Building Learning Ecosystems
Learning Environments Australasia International Conference Adelaide. – what a Winner! – A complete sellout over 600 attendees- over 50% educators !
As I prepared to resign as one of the 6 Chairs of Learning Environments Australasia Region in leaving Qld soon, it was so heartening to be part of one of the best Contemporary Educational Conferences in years. The LEA Conference focussed on rich contemporary topics from speakers such as Children’s Commissioner SA, Julia Gillard, Director General SA, Deputy VC Swinburne Uni, Louka Parry etc. If you talk to any Principal or Educator who attended you may hear how the provocations were authentic, challenging and meaningful.
Many educators were heard saying “I am surprised this conference has very little to do with physical innovative learning environments and more to do with what is rich contemporary schooling”
The first Keynote of the conference was Helen Connolly who is the SA commission we for children and young people. Her message was about seeing children as citizens with rights, the importance of engaging children as key stakeholders in school decision making and that this is actually mandated in article 12 of the UN Convention on the rights of a child. Helen is engaging in some excellent stakeholder engagement with the young people in South Australia and as a result is developing some excellent data about what children and young people care about. I can highly recommend spending some time on her website. https://www.ccyp.com.au/the-commissioner/
The second Keynote was Dr Kristin Alford who is a futurist and has developed the MOD museum in Adelaide designed to engage people in futures thinking. https://mod.org.au/
She shared some interesting perspective on futures thinking and the role of technology in futures. In particular I found her unpacking of what it means to take a “200 year present” perspective. This involves making decisions by considering what our grandparents would think and what our grandchildren would think. Her belief is that this kind of thinking helps us to sharpen and live out our values and perhaps change our decision making in the now. Her belief is that we will all become agents for change if we have a positive view of the potential future combined with a level of anger or frustration about aspects of the present that will help to motivate us and drive us forward.

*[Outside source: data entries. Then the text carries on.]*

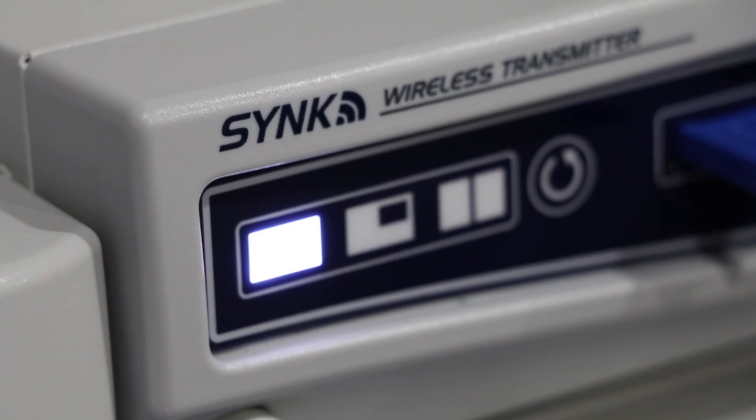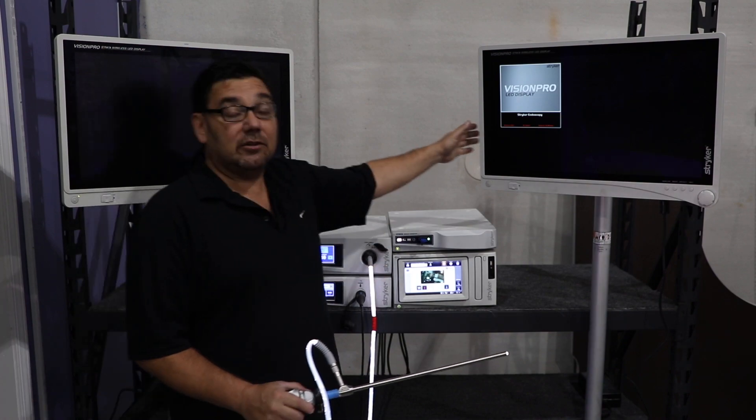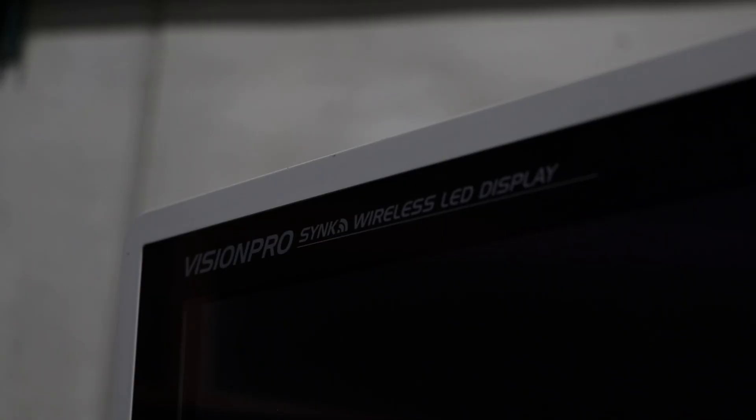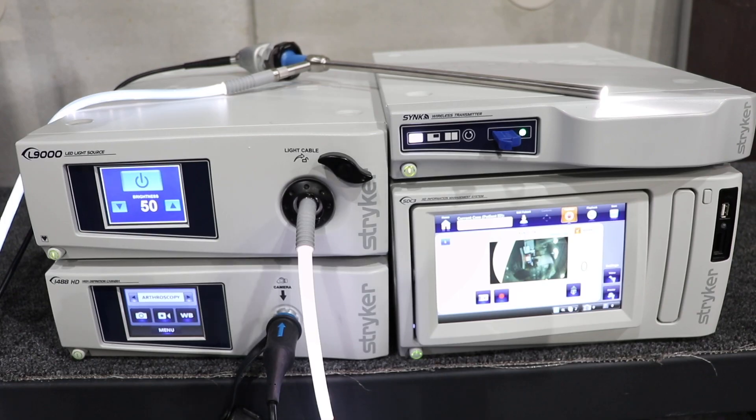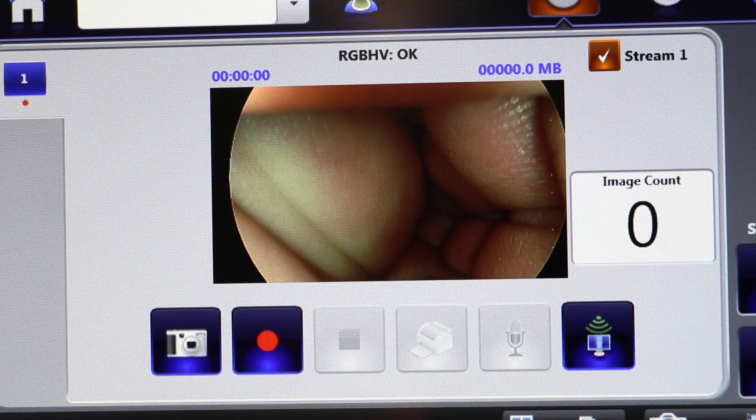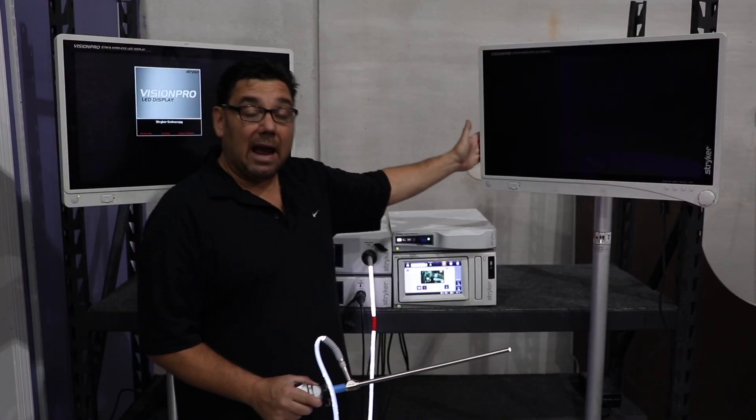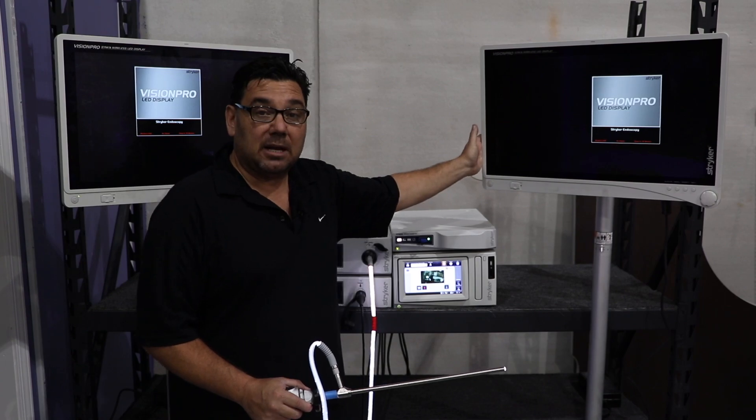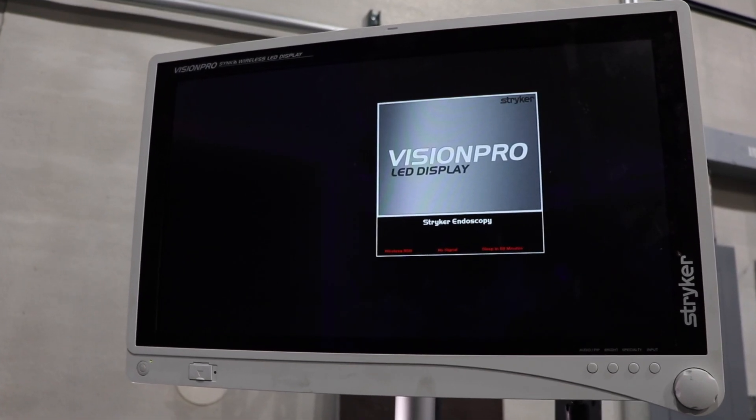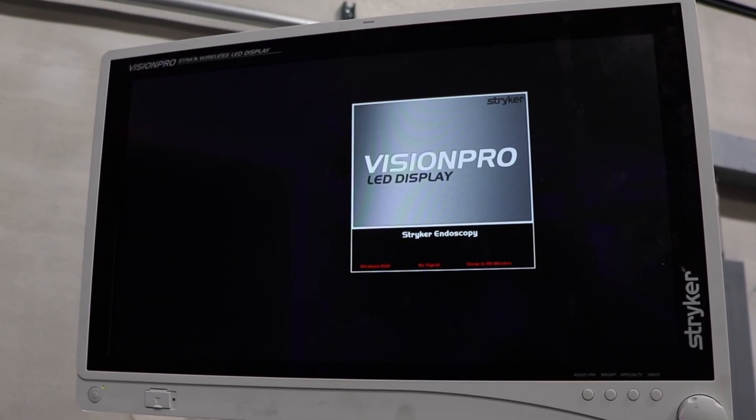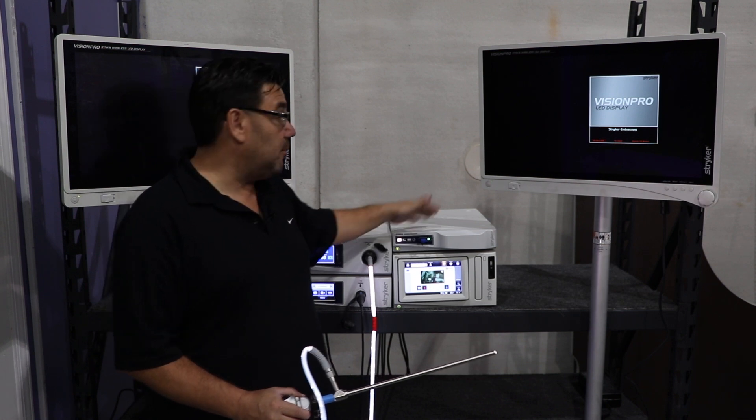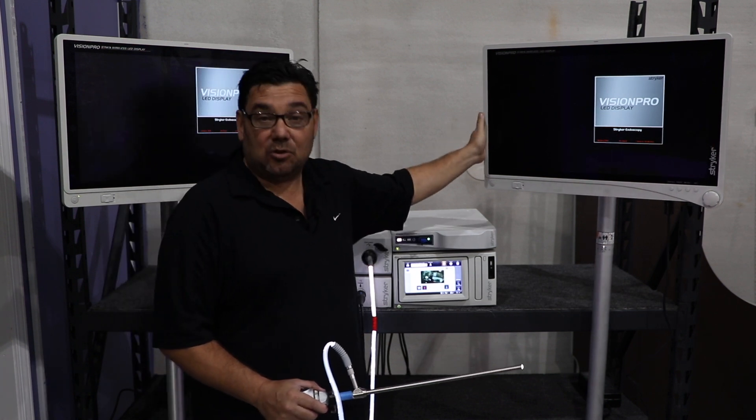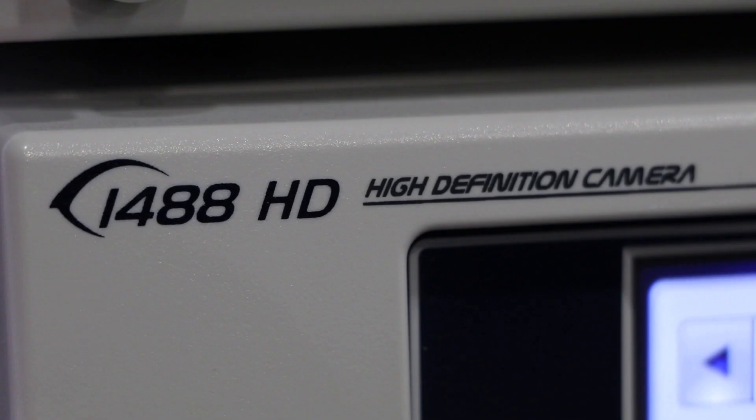This is Stryker's sync technology with the Vision Pro monitor. As you can tell, we have everything hooked up and we have an image on our SDC or digital capture, but we don't have an image displayed on the monitor. This is because you have to sync the monitor to all of the equipment and then to the actual display.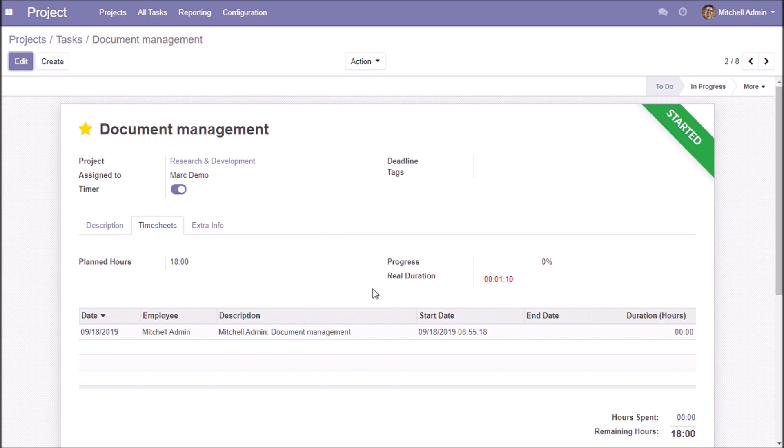When you toggle to stop, the end date shall be updated and the duration gets automatically calculated.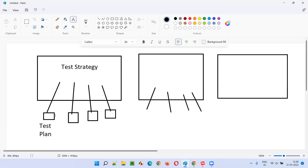The test plan covers things like: how many resources are going to work on this project, who those resources are, what deliverables are part of this project, what services are part of this project, what is the scope of the project — like what functionalities will be tested — the schedule for what will be completed and when, and which resources will be working. All these project-level details will be there in the test plan document, whereas the test strategy contains the organization-level approach and best practices.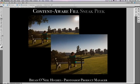Hi, my name is Brian O'Neill Hughes. I'm one of the product managers on the Photoshop team. Today I'd like to give you a sneak peek of just some of what we're working on here in our labs. We haven't released this yet, but we wanted to give you an idea of what we're up to.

The combination of these two mindsets will drive the belief that you can make a difference and the motivation to make it happen. I think this is very apt for the work that we do in education, particularly in the area of contemporary transformation. There is often much reference to the fact that children in our primary schools today are preparing for jobs that likely don’t exist yet. Dr Alford had some interesting perspective on this saying that Law and Medicine roles are likely to change significantly and require a very different skill set in the future than they do now and that two roles she predicts will be grief counsellors for global systems and data storytellers.
Another very interesting Keynote was Prof. Pasquale Quester who is the Vice Chancellor of Swinburne University who talked about her vision for the university and her understanding of the new role in education which is to be a curator of the experiences that lead people to learning. And finally some wise words from Louka Parry, who talked about the need for all in education to awaken the fire in young people not just to contribute to a powerful economy but also to a more just and equitable world.